TO DO: Could you show each line of the records that contains the word "Anzeige"?

DATA TO EXAMINE:
-----

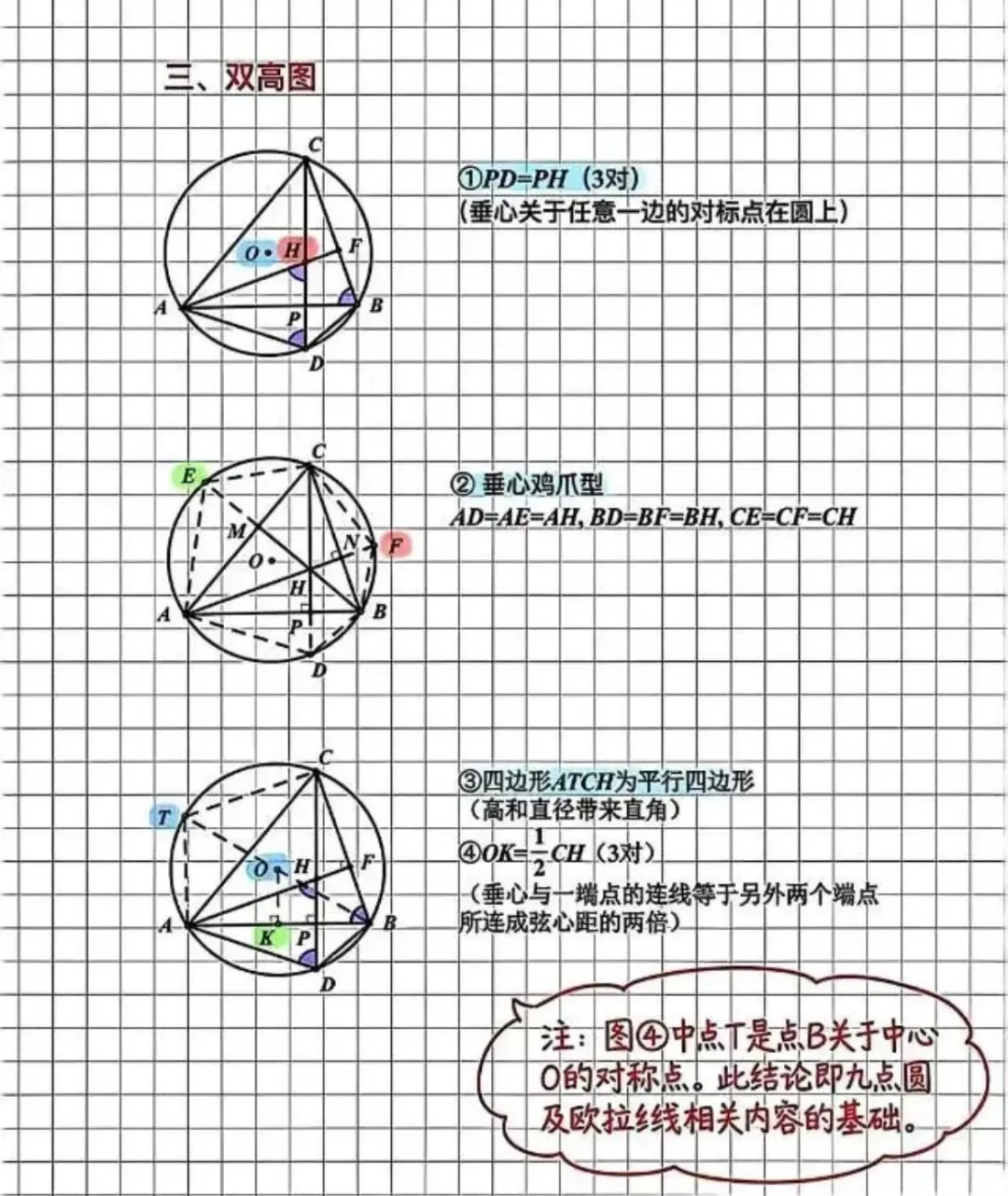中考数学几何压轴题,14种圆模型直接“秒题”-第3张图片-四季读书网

-----

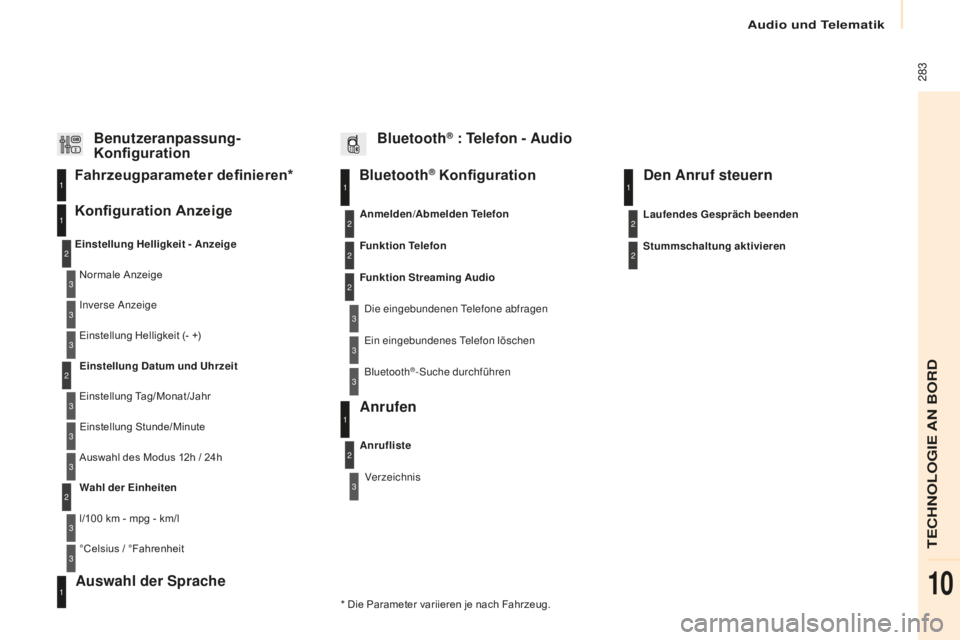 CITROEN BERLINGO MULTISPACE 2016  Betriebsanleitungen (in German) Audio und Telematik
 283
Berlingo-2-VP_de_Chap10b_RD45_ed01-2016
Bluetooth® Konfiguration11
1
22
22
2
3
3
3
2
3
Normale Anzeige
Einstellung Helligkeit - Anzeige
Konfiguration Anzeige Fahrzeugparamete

-----

SOLUTION FOR THIS TASK:
Normale Anzeige
Einstellung Helligkeit - Anzeige
Konfiguration Anzeige Fahrzeugparamete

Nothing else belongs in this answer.